2 min read

PARIS – Selectmen will review the minutes and possibly a videotape of the June 19 town meeting to try to clear up confusion about a vote not to fund renovation of the former fire station on Pine Street.

After voting not to authorize a $70,000 bond to fund conversion of the former fire station to a police station, voters were asked to appropriate $17,000 toward payment of that bond. The article was amended to ask for the appropriation of $17,000 from taxes, and an additional $53,000 from the general fund, toward renovation of the building. That article was also defeated.

Selectmen question whether the amendment and vote were done properly, saying that several people approached them after the meeting to ask for clarification on the article.

“I think there was so much confusion with people between the amendment, the article, the amendment, and the discussion of how much money would come from where. People just got confused,” Selectman Bruce Hanson said. “I think we need to look at that and see if there was a discrepency.”

Board Chairman Gerald Kilgore asked what would happen if there was an error in the way the vote was taken.

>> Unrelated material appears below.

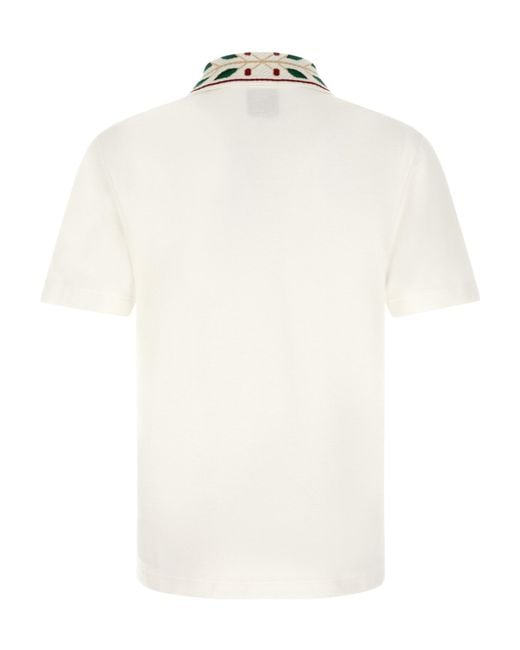 Casablanca White 'Laurel' Polo Shirt for men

“I’ll have to check with Betty [Larson] before I can really tell you,” said Town Manager Stephen McAllister, referring to the town clerk.

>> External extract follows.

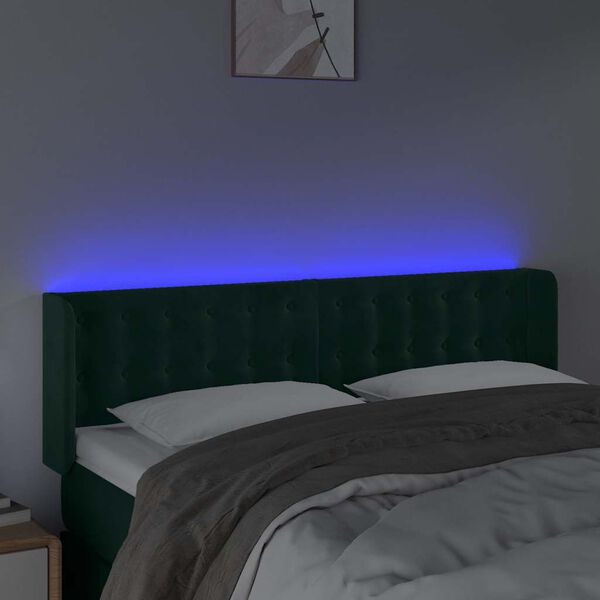 vidaXL LED uzglavlje tamnozeleno 147x16x78/88 cm bar&scaron;unasto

In other business, McAllister said he would present possible solutions to the town’s office space problem at the next selectmen’s meeting. At the town meeting, he had explained to voters that both the police station and the town office need more space. Had voters approved moving the police station to the former fire station, the town office would have been able to expand into the police station.

The question of what to do with the former fire station remains. Selectman Bill Merrill and Barbara Payne were part of the committee that looked for possible uses for the building after the town voted not to sell it. The Police Department was the only organization which expressed an interest in moving into the building.

Merrill and Payne agreed that the committee would be willing to continue to look for a use for the building. Payne said the town should hold a public meeting to look for new ideas.

Selectmen did not agree to hold a special meeting but asked instead that anyone who would like to discuss the building call Payne, Merrill, or another member of the fire station committee.